I ran over to the dogs and gestured at them excitedly, though all three of them were just lying there in a motionless heap on the floor, doing nothing at all. Except snoring and drooling.
“Hey, this one’s mine too!” M exclaimed, ignoring my desperate Jazz Hand-ed attempts to attract his attention, and pulling down another thick black hoody from the depths of my wardrobe. “And this one.” A purple hoody with the cuffs cut off tumbled to the floor, followed by an emerald green one with long, holey arms; my personal favorite.
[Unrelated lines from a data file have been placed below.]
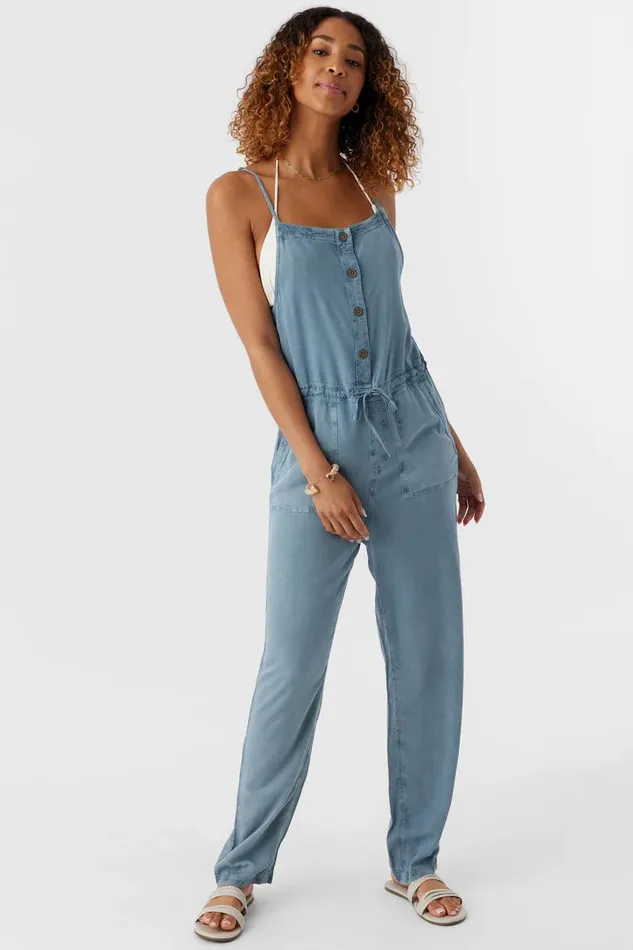 FRANCINA TWILL JUMPSUIT Slate Women O039NEILL Clothing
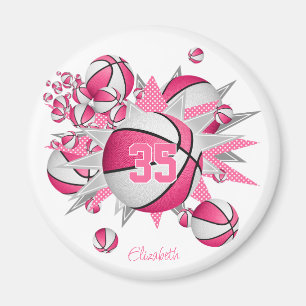 girls sports team gifts basketballs stars pink magnet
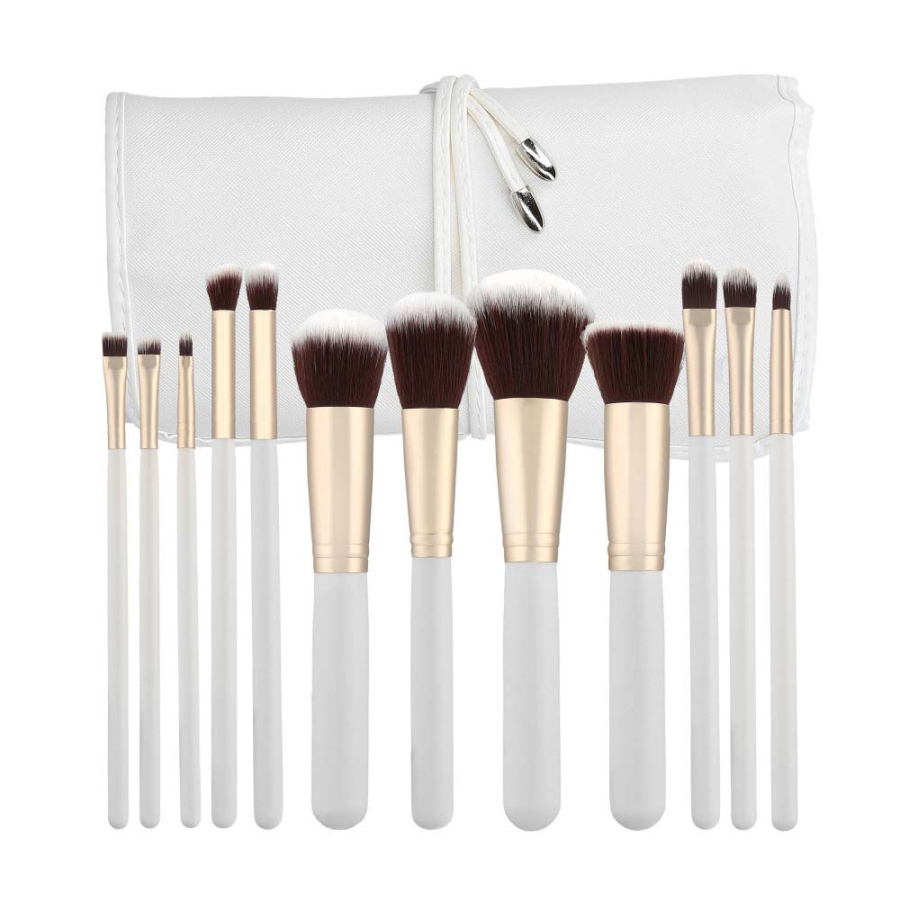 MIMO 12 Pcs Makeup Brush Set - White
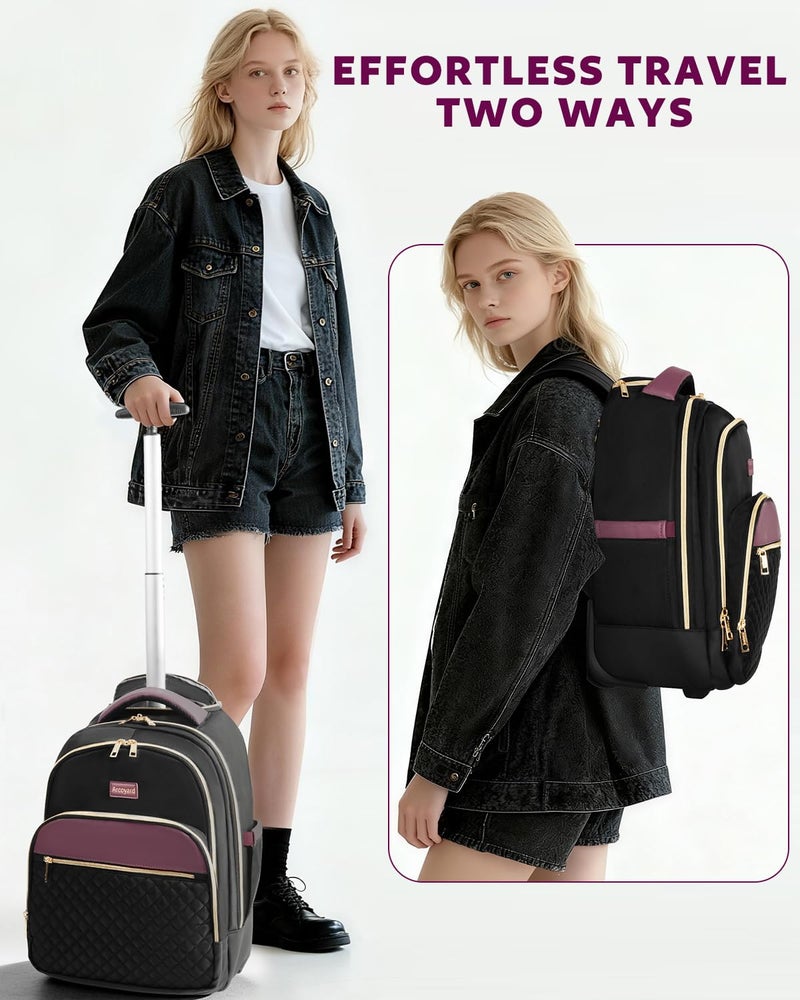 Arcoyard Rolling Backpack for Women with Wheels, roller Laptop Travel Backpack, Lightweight Water Resistant Wheeled Underseat Carry On Luggage for Work and College, Black Purple - Image 4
A blue one with a bright metal zipper was close behind.
He turned to stare at me, exasperated. “Kage, just how many sweaters have you stolen from my house in the past few weeks?” He tossed the multicolored bundle onto my bed.
“That’s it, just five,” I said haughtily, my hand on my hip. “Jeez, talk about selfish.You can’t let me borrow five goddamn sweaters, M? I mean, really. I am simply appalled by your lack of charity.”
“Nine, ten, eleven...” M counted, returning to the closet and pulling down a wildly patterned Rip Curl sweatshirt, followed by a black-and-purple Billabong zip-up. A big black pullover with his band's logo splashed across the front teetered precariously on the edge of the now almost empty shelf.
“That one’s mine,” I piped up helpfully.
He turned to look at me, shaking his head in amazement. "No, it's not."
I looked down at my hands, suddenly enamored with the shape and condition of my nails.
“Oh my god, what is this?” he demanded, and reached into the far depths of my closet. He turned back to me and waved a glittering, hot pink zip-up hoody. Brightly embroidered flowers and rainbows decorated the chest in sporadic fashion, and the short capped sleeves were edged with lace. He unfolded it and held it against his chest, which, even with the capped sleeves pulled all the way out to each side, fell at least eight inches short of reaching across the breadth of his torso.
M narrowed his eyes suspiciously and peered more closely at the sparkly abomination splayed out on his chest. “Kage, this tag...does it say Please, Mum?” he asked incredulously.
I anxiously began chewing on my bottom lip, then glanced up at the white stucco ceiling for inspiration, or maybe an escape route. Instead, I looked into the eyes of my Henry Rollins poster, who glared back down upon me broodily.
Help me, Henry, I thought desperately, and cleared my throat.
“Okay, I realize what this looks like,” I began, winding my fingers together as I tried to find the right words to explain, but they were nowhere to be found. Where the hell did they go?
“It looks like you stole a sweater from my three-year-old daughter, that’s what it looks like,” he grinned.
Oh, there's the right words, I thought uneasily. They’re coming out of his mouth.
I couldn't think of anything clever to say, so I stood up and walked sheepishly to the closet, where I grabbed a plastic bag from one of the small drawers on it's inside wall. I went back to the bed and started cramming in the recently-recovered stolen goods.
“Aw, baby, I was just kidding,” M chastised gently, watching me grab another plastic bag. “You don’t have to do that.”
“No, M, I do,” I said earnestly. “I should never have taken your sweaters home without your permission. What I did was wrong.”
“Wow,” he looked impressed. “There’s really sweet of you to give them back, babe. I’ll just run this first load out to the car, then.”
I grinned broadly to myself as he walked outside to his car. M was right, it was sweet of me to give back all of his sweaters.
After all, I can’t steal them all again if they’re still at MY house.